Xproc provides a simple means of documenting your pipelines. The p:documentation element can appear just about anywhere to keep your intentions clear (and available). The only exception is the obvious one, as a child of p:inline, where it is taken as any other element.

p:documentation elements, and their content, is ignored by the Xproc processor. A good use is to extract the comments and the steps as a separate document, should you want additional out of line documentation.

Logging

p:log allows an output port to be named and used for logging output on any step. The principle is that any output port may be used to write logging information. Example 4.1 shows an example

Example 4.1. An example log output

<p:pipeline
    xmlns:p="http://www.w3.org/ns/xproc" >
  <p:xslt>
    <p:input port="source" >
      
      <p:inline>                  1
	<doc>
	  <title>Two steps</title>
	</doc>
      </p:inline>
      
    </p:input>
    
    <p:log
	port="result"               2
	href="log.txt"/>            3
    
    <p:input port="stylesheet" >
      <p:inline>
	<xsl:stylesheet version='1.0' 
	xmlns:xsl="http://www.w3.org/1999/XSL/Transform">
	  <xsl:template match="/doc/title">
	    <doc>
	      <xsl:value-of select="."/>
	      <xsl:text>. logging</xsl:text>
	    </doc>
	  </xsl:template>
	  <xsl:template match="text()"/>
	</xsl:stylesheet>
      </p:inline>
    </p:input>
  </p:xslt>
</p:pipeline>  

1

A simple input file

2

The result port is hijacked | used for output,

3

to a log file log.txt


The p:xslt step simply selects an element from the input (the value of the 'doc' element), appends a period and the word 'logging' to it, and outputs to the log. The file shows

  [dpawson@marge tests]$ cat log.txt 
<!-- Start of Calabash output log for "result" to  \
"file:/files/xproc/tests/log.txt" at                  \
file:/files/xproc/tests/logging.xpl:30 -->
<!-- At FIXME: datetime -->
<px:document-sequence \
       xmlns:px='http://xmlcalabash.com/ns/document-sequence'>
<px:document>  \
      <doc>Two steps. logging</doc>\
</px:document>

when run on calabash. The lines are broken using the '\' character for convenience

In this example, the output file will also show the same result, however in a more practical example, the logging output is less likely to be the sole output of the pipeline

Step basics

An atomic step is defined using the p:declare-step element. The current schema lists the children for that element, i.e. the elements which are available for use within a step

As you see, it's quite a list. What you need will be your choice. The CR provides a good description of the functionality and syntax of each one starting at p:add-attribute.

[Important]Important

Note that the Xproc uses the following format


    <p:declare-step type="p:identity">
     <p:input port="source" sequence="true"/>
     <p:output port="result" sequence="true"/>
    </p:declare-step>
  

The p:declare-step element is simply used as a wrapper for atomic step(s). Don't start using it in the form provided in the CR!

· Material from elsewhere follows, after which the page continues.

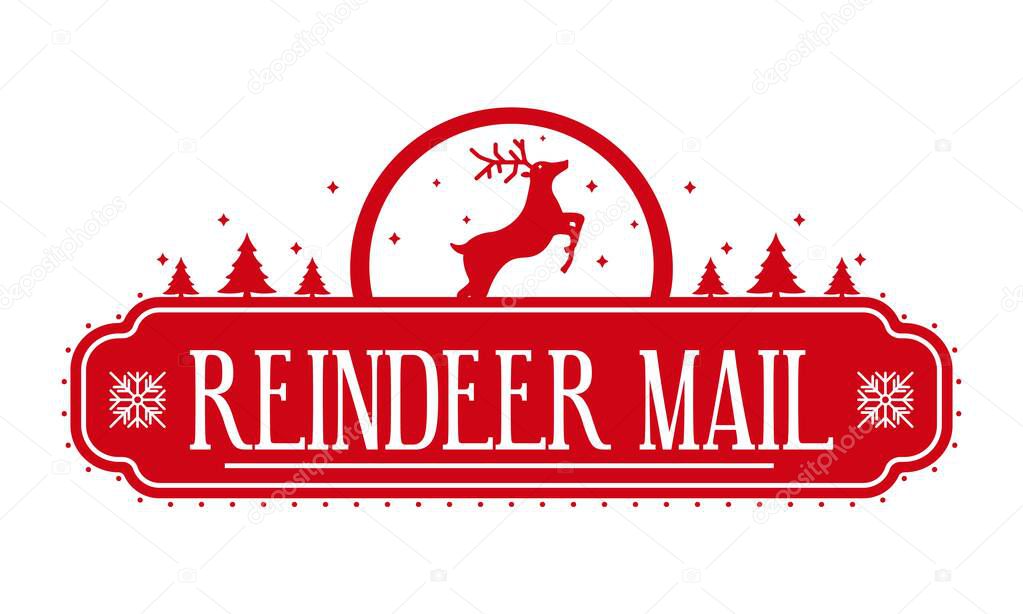 Reindeer mail - Christmas stamp design for handmade gifts and greeting cards.Vector illustration on white background.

Instead use the p:identity (or other element), provided in the type attribute of the CR

From section 3,

Elements in a pipeline document represent the pipeline, the steps it contains, the connections between those steps, the steps and connections contained within them, and so on. Each step is represented by an element; a combination of elements and attributes specify how the inputs and outputs of each step are connected and how options and parameters are passed.

What is implied, but not stated explictly, is that the sequence of steps, i.e. the ordering of steps is also critical, from the pipeline authors viewpoint.

Also note that steps can contain other steps!

Step types, options, variables, and parameters are named with QNames. Steps and ports are named with NCNames. So we have p:declare-step (A Qname) and <p:input port="source"></p:input>, where the port value is an NCName (see xml names, part II)

Scope. Xproc defines scope comprehensively. One of the goals is to enable a target of a step and a port to be readily distinguished. Steps are (very nearly) globally visible and ports must be unique within a step. That means that step and port will identify one possible connection point.